ALTIN MADENCİLİĞİNDE ÖDENEN VERGİ YÜZDE 30
TÜMAD Madencilik tesisinde altın dore dökümü de yapıldı. Altın madenin nasıl çalıştığı, altın madeninin çıkarılmasında hangi işlemlerin gerçekleştirildiği konusunda TÜMAD Entegre Yönetim Sistemleri ve Sürdürülebilirlik Müdürü Bilge Küçükaytan açıklamalar yaptı. Küçükaytan, “Türkiye’de altın madenciliği ile ilgili bazı yanlış bilgiler var. Örneğin altın madenciliğinden elde edilen gelirin büyük kısmının madenciye kaldığı söylenir. Ancak tüm işlemler açık ve nettir. Üretilen altının yaklaşık yüzde 55’i maliyettir. Yüzde 30’luk kısmı da vergi olarak devlete ödenir. Lapseki altın madeninde 2019’dan bugüne kadar ödenen devlet hakkı 280 milyon TL’dir. Ürettiğimiz her altın Türkiye Cumhuriyeti Merkez Bankası tarafından satın alınıyor. Altının farklı bir yere satılması ya da gönderilmesi mümkün değildir. Tüm işlemler kayıtlıdır. Türkiye’nin altın konusunda açığı var. Türkiye yılda ortalama 40 ton altın üretiyor. İthal edilen altın miktarı ise yaklaşık 160 tondur. Altın ithalatı için harcanan miktar ise yaklaşık 10 milyar dolardır.” dedi.
‘EBRD KEÇİ SAYISINI DAHİ KONTROL EDİYOR’
TÜMAD’ın Lapseki’de bulunan altın madeninin Avrupa İmar ve Kalkınma Bankası’ndan (EBRD) kredi kullandığına dikkat çeken Küçükaytan, “EBRD, bir kredi kullandırırken her şeyi en ince ayrıntısına kadar inceler. Çevresel etkisinden, madenin etrafında yaşayan insanların ekonomik durumuna kadar her şeyi mercek altına alır. En ufak bir olumsuzluk olduğunda dahi hesap sorar. EBRD ile imzaladığımız anlaşmaya göre istihdam edileceklerin çok büyük bir kısmı çevre bölgelerden yapılmak zorundadır. Bununla da bitmez altın madeni faaliyetlerinin sona ermesinden sonra çevre halkının mağdur olmamasını garanti etmemizi ister. Madencilik faaliyeti neticesinde oluşacak tozdan, bölgedeki tarımsal faaliyetlerin sürdürülebilirliğine kadar her şeyi rapor ediyoruz. Bizim dışımızda nedenlerden dolayı bölgedeki toz oranı artsa dahi, toz oranı düşene kadar işletmemizdeki çalışmalarımızı durdururuz. Hatta bölgedeki bir çiftçinin yaptığı keçi satışı sonrasında keçi varlığının bir anda 200 adet düşmesi sonrasında EBRD bizimle temasa geçti. Nedenini sordu. Tüm denetimler haricinde EBRD’nin takibindeyiz aslında.” diye konuştu.

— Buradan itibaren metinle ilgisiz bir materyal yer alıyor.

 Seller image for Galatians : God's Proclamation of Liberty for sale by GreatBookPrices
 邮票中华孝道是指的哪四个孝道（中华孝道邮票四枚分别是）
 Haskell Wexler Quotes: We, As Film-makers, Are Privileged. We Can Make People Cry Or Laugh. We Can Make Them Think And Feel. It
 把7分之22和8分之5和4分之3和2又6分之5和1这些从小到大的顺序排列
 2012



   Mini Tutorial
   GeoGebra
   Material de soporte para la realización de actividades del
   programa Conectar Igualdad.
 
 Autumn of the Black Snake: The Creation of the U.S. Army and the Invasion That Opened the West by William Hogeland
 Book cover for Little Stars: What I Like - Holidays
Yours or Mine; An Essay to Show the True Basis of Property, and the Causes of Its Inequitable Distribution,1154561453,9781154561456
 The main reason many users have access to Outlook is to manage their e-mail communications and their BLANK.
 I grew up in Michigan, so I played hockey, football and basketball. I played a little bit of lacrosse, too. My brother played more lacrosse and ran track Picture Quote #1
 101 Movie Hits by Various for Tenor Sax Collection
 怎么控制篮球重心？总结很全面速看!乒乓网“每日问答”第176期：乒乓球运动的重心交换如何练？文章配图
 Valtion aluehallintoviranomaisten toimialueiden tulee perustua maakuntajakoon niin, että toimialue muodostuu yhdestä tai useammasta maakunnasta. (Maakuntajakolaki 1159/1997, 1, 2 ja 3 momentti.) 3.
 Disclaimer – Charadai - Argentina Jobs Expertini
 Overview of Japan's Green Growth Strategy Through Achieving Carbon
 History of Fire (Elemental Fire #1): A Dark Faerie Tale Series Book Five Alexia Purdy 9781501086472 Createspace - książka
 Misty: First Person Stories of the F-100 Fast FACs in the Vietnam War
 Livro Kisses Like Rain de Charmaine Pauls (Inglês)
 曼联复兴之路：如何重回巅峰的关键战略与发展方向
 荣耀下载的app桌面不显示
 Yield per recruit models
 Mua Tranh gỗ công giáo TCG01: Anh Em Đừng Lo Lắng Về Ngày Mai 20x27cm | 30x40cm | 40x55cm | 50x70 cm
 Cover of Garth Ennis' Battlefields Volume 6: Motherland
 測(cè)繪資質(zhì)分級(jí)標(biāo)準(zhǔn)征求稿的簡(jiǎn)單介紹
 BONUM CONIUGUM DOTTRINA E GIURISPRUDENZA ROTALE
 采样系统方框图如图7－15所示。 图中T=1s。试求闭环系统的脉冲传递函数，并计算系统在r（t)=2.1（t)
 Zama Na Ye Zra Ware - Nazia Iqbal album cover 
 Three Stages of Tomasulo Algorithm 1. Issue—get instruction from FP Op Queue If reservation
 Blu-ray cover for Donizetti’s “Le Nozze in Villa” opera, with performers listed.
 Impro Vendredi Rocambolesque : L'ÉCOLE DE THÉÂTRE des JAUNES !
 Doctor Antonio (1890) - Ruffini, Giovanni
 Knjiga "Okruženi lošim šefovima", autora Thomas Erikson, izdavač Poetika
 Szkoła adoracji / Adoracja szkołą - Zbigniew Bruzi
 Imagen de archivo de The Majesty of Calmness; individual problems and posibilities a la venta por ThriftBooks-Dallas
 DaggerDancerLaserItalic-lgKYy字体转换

İSTEYEN HERKES MADENİ ZİYARET EDEBİLİR
Madenlerinin istenilen her an ziyarete açık olduğunu ve gelenleri ‘Çevre ve üretim teknolojisi anlamında dünyanın en güvenli altın madenine hoşgeldiniz’ diyerek karşıladıklarını söyleyen Küçükaytan, “Dünyada 800’in üzerinde benzer metotlarda üretim yapan altın madeni var. Bunların çoğu ABD, Yeni Zelanda ve Avustralya gibi gelişmişliğini tamamlanmış ülkelerde bulunuyor. Buna rağmen dünyanın çevre ve üretim teknolojisi bakımından tek örnek gösterilebilen altın madeniyiz. Türkiye’de ve dünyada altın madenciliği yapanlar belli standartların üzerindedir. Biz de aldığımız Uluslararası Siyanür Kodu (ICMC) ile dünyanın en güvenli maden sahalarından biri olduk. Tesislerimizi inceleyen yetkililer standartların çok üzerinde bir üretim yaptığımızı teyit etti.” ifadelerini kullandı.